SIL makes awesome contributions to open source and open fonts. I’m not denying that.
I am, however, somewhat wary of a group of linguists who put frigging Google Translate on their home page. This goes right in the category of “should know better than that, dammit”.
Especially when the way Google Translate is deployed pretty much instantly discredits itself.
I’ve ranted about this before. Automatic translation is good for personal analysis - if you need to figure out what a passage of text means, and you don’t know the language, automatic translation can be a very valuable tool. But it is not a substitute for localised customer service in for-profit companies. Nor, in case of an organisation like SIL, is it a substitute for providing free information in multiple languages.
And in this screenshot, it should be terrifyingly apparent why.

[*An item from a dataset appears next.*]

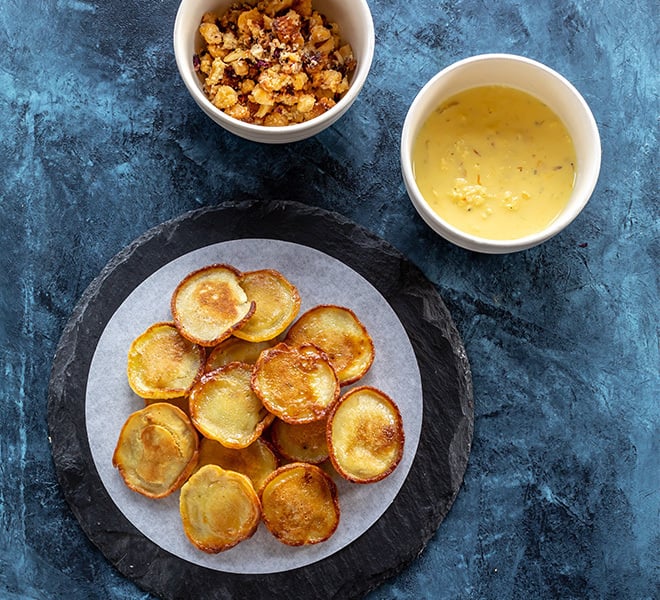 one bowl with rabdi, one with crumble and a plate of mini malpua 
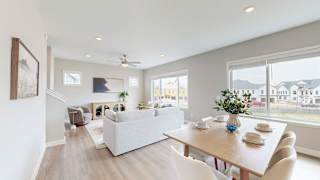 A modern living room with a dining table set for two.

Google Translate can’t even present its own interface to the user in a consistently localised manner. Are they using Google Translate for their own bloody interface? Whatever gods there be willing, I hope not.
Here, Google Translate presents itself as “Google Kääntäjä”… and “Google Käännä”. Neither is correct, by the way.
Now, in their infinite wisdom, the original translators of Google Translate user interface chose to call the system “Google-kääntäjä”, and the actual page just uses “Kääntäjä” (“Translator”), which to me rings correct, as in “Google’s very own ‘Translate’ product”.
You will, of course, note two things. The most obvious is that “kääntäjä” means “Translator”, not “Translate”; in Finnish, verbs are not usually used in titles like this. This is why “Google Käännä”, the literal translation of “Google Translate”, sounds very funny. But “Google Translator” doesn’t sound too bad, does it?
The second issue is the compound noun one: “Google Kääntäjä” (or “Google kääntäjä” as it’s styled in the above logo) is wrong. There’s supposed to be a dash. The latter part shouldn’t be capitalised, unless Google Translate was actually invented in 1920s or so and is powered by Steam-Engines. Tempora mutantur. Hence, “Google-kääntäjä”.